### Assignment
Please reproduce the data exactly, excluding any pictures it contains.

### Supplied data
------------

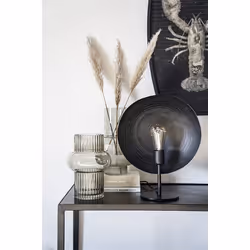 Lampa stołowa metalowa czarna 33x40 cm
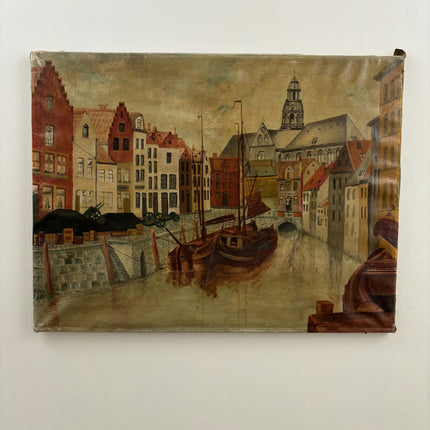 Vintage Cityscape Oil Painting "Harbor Boats" Elegant Large Artwork Holland Art Shop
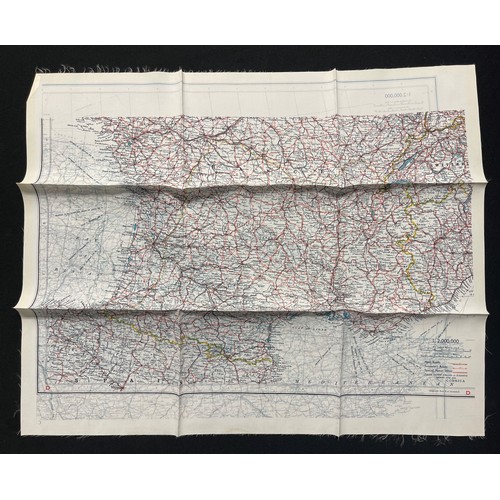 3192 - WW2 British RAF Silk Escape Map of France Code letter C/D.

------------

### Output
 Lampa stołowa metalowa czarna 33x40 cm
 Vintage Cityscape Oil Painting "Harbor Boats" Elegant Large Artwork Holland Art Shop
 3192 - WW2 British RAF Silk Escape Map of France Code letter C/D.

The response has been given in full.